Essas considerações sobre a gênese da humanidade,
tal como a conhecemos hoje, trazem um alerta ético fundamental, no exato
sentido da palavra. Se o gesto de estender a mão é a base de nosso caminho rumo
às técnicas da vida e da morte, o gesto oposto, o de recolher as mãos no
instante em que os demais dependem de nosso braço é um ataque à própria ordem
geradora de nossa existência. Um exemplo: o empresário ou trabalhador que no
mercado só aprendeu a pegar objetos, sem deles abrir mão para os demais, é ao
mesmo tempo um absurdo lógico e moral. Imaginemos a cena primitiva imaginada
por Elias Canetti. Se o macaco tivesse aprendido apenas a pegar o galho, sem
aprender a soltá-lo, jamais teria existido humanidade e, com ela, a indústria,
o comércio, a política etc. É por tal motivo que o indivíduo ou grupo que opera
apenas em seu favor, sem observar regras éticas, econômicas, políticas que
aperfeiçoem o bem comum, é visto como simples predador, jamais como fecundo
líder que abre novos caminhos para a humanidade.
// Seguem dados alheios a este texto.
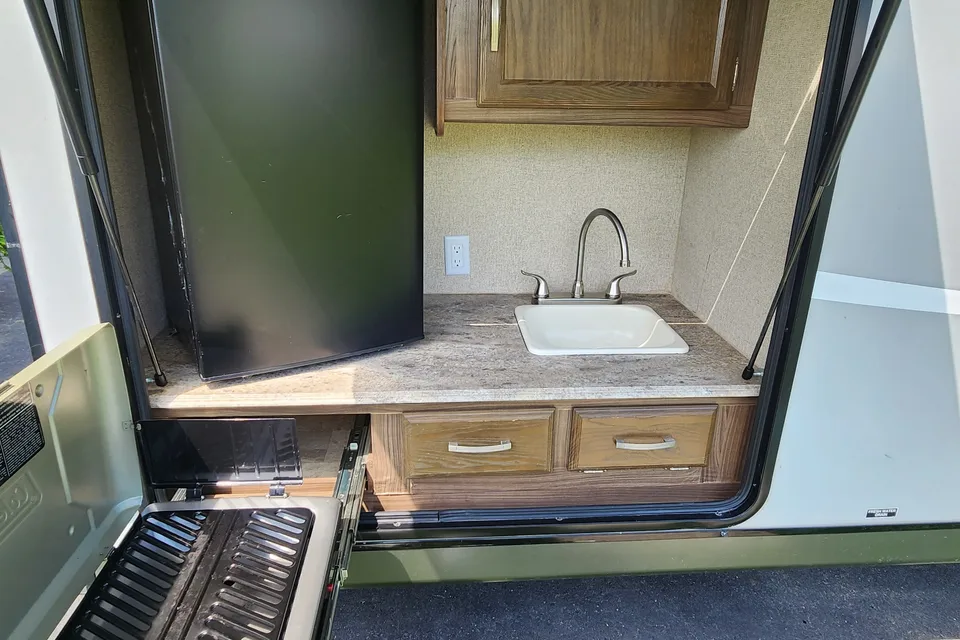 Fully Stocked CLEAN 34' Bunkhouse 2018 Coachmen Apex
É neste plano que as fraudes,
a espionagem industrial, os produtos piratas e toda a panóplia de instrumentos
que visam apenas o lucro imediato deste ou daquele indivíduo, deste ou daquela
firma, não apenas recebem sanção negativa das leis, mas são atingidos pela
ojeriza de todos os que, no mercado, trabalham segundo as regras morais. Longe
de ser um “detalhe” nos negócios, os procedimentos eticamente corretos constituem,
na verdade, o seu núcleo mais poderoso, mas também o mais delicado. Imagine-se,
leitor, na ponta de um galho, de árvore altíssima. No outro galho um outro ser
humano abre as mãos para você. Caso seu corpo seja salvo por aquele gesto, a
sua confiança nele e no gesto é mantida, e fortalecida. Caso ele retire a mão e
você caia no abismo, certamente um outro observará o fato inteiro. E terá
sempre desconfiança nas mãos estendidas. Imagine agora o mercado onde falte
absolutamente a confiança mútua. Ninguém mais fará negócios, produzirá
instrumentos, aceitará papéis ou a palavra empenhada.
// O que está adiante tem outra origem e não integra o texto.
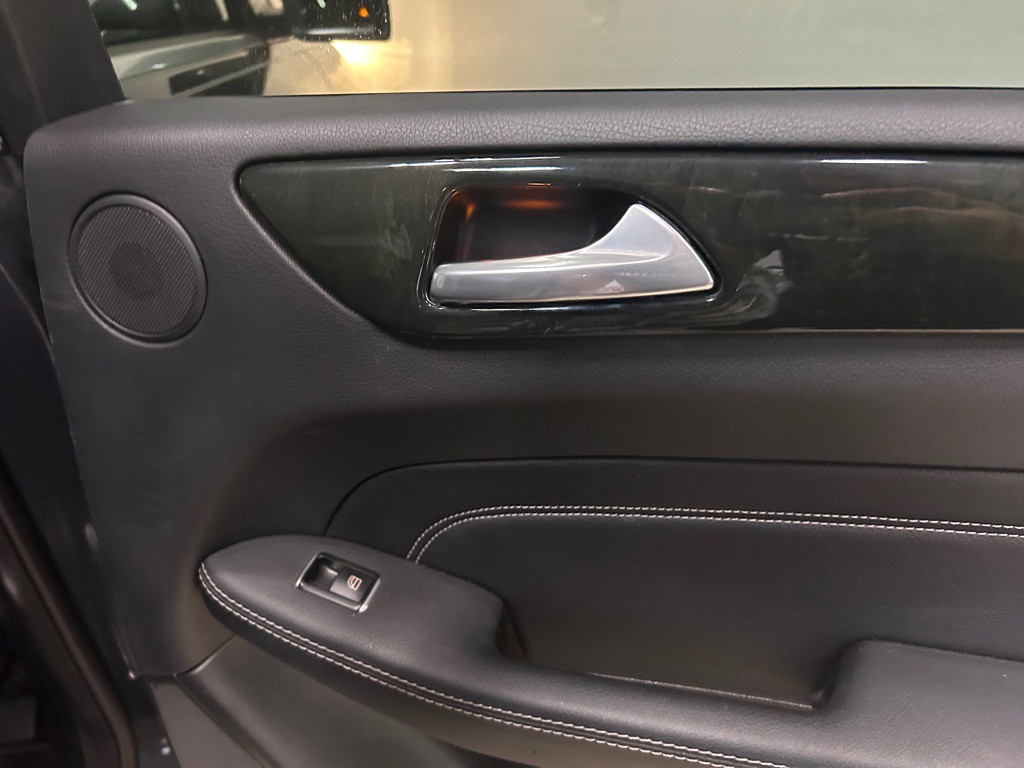 2015 Mercedes-Benz M-Class Image 40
Se os leitores quiserem alguma pista para entender
a crise atual que abala as economias do planeta, ela é fornecida pelo escrito
de Elias Canetti. Caso contrário, perguntem às vítimas de “investidores” (que
deveriam ser a mão estendida) se elas se animam a retirar seus recursos do
bolso e colocá-los nas mãos de grupos que não devolvem objetos ou lucros em
troca do que recebem. O símbolo maior da atitude antiética, no caso, é a
distribuição de bônus pelos dirigentes da AIG. Aquela firma, por motivos
vários, quase faliu no início de 2009. Recebeu bilhões do governo norte-americano.
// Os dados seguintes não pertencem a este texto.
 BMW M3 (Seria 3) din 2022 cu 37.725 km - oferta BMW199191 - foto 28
Em vez de sanar os erros de gerência e restabelecer a confiança dos que pagam
impostos, ela arrancou “prêmios” milionários para seus operadores. Trata-se de
um golpe mais letal no mercado do que muitas fraudes anteriores, como no caso
da Enron e de outras. Reflitamos: se um indivíduo puxa o braço para trás, em
instante de perigo, e não nos atende, se um comerciante recebe nosso dinheiro e
não entrega a mercadoria proposta, diminui a confiança no comércio. Se tal fato
ocorre com firmas imensas, o medo e a desconfiança atingem a dimensão de um
tsunami ético. É o que assistimos em nossos dias.